In holding M-GHG-1 violated CEQA as an improper deferral of mitigation, the court of appeal emphasized that M-GHG-1 contained no objective standards for the director to apply in determining whether offsets originating in foreign countries are real, permanent, verifiable, enforceable, and additional. As the court explained, M-GHG-1 entrusted the planning director with making several determinations such as whether the proposed offset registry is “reputable” or whether other offsets are “financially feasible,” however, the measure lacked objective criteria to govern such determinations. Further, the court held that because M-GHG-1 failed to comply with CEQA, the County’s CAP was also inadequate, because, to the extent the CAP assumed that in-process and future projects requiring a general plan amendment would not result in significant GHG impacts based on compliance with M-GHG-1, the County’s finding was not supported by substantial evidence.

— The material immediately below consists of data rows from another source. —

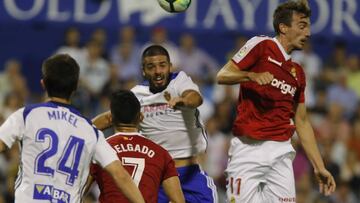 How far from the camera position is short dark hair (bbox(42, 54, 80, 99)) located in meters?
8.03

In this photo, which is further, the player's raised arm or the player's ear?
the player's ear

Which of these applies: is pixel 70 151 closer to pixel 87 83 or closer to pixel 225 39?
pixel 87 83

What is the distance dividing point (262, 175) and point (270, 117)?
1.65 ft

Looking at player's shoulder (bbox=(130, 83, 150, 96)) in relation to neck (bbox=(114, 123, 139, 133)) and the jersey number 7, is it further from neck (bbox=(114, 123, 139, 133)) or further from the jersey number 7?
the jersey number 7

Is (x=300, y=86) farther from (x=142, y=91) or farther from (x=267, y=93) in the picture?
(x=142, y=91)

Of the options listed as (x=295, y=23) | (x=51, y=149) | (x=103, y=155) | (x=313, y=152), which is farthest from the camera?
(x=313, y=152)

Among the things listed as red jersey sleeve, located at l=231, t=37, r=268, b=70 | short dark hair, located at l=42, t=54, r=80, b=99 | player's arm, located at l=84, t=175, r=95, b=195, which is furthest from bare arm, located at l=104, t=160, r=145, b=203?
red jersey sleeve, located at l=231, t=37, r=268, b=70

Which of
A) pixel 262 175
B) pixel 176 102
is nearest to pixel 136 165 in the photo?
pixel 176 102

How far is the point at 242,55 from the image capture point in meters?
9.68

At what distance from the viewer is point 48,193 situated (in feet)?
26.4

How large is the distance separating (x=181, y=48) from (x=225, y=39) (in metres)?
0.88

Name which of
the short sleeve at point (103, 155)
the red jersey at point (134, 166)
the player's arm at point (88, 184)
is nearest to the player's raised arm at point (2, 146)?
the short sleeve at point (103, 155)

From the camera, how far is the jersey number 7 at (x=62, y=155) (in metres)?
8.00

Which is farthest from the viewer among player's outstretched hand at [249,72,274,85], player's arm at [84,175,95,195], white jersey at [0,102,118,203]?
player's outstretched hand at [249,72,274,85] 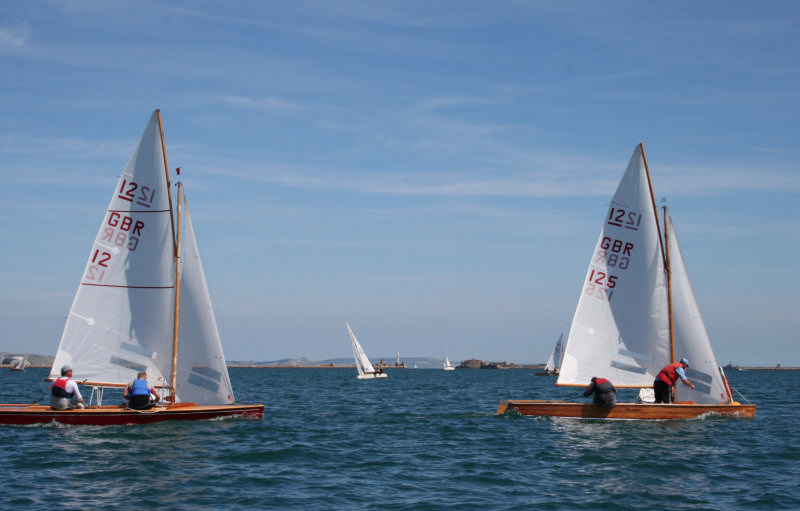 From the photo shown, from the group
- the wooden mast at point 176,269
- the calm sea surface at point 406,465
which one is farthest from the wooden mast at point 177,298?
the calm sea surface at point 406,465

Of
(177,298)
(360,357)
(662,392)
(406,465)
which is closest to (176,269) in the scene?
(177,298)

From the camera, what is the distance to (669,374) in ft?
87.8

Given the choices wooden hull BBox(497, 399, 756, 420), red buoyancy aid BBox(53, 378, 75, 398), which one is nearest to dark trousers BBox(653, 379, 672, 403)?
wooden hull BBox(497, 399, 756, 420)

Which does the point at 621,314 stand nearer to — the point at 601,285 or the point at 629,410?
the point at 601,285

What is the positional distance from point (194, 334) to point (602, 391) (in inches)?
516

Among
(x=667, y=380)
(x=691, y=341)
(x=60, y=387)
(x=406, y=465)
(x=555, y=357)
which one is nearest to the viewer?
(x=406, y=465)

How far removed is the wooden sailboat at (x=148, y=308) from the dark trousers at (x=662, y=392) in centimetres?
1348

In addition to the court’s lengthy analysis of M-GHG-1, the court of appeal’s decision also considered the plaintiff’s arguments that the County’s SEIR failed to comply with CEQA on several other grounds. The appellate court largely agreed with the plaintiffs and affirmed the trial court’s decision, including finding that the SEIR’s cumulative impact analysis was inadequate by failing to analyze impacts other than GHG emissions; that the County’s finding of consistency with the SANDAG Regional Transportation Plan was not supported by substantial evidence; and that the County’s alternatives analysis was inadequate for failing to consider a project alternative aimed at reducing vehicle miles traveled or “VMT”. The appellate court reversed the trial court’s judgment on two issues, however, finding the County’s determination the CAP was consistent with the general plan update was adequately supported under the highly deferential standard of review and that the County’s responses to comments on the draft SEIR were sufficient under CEQA.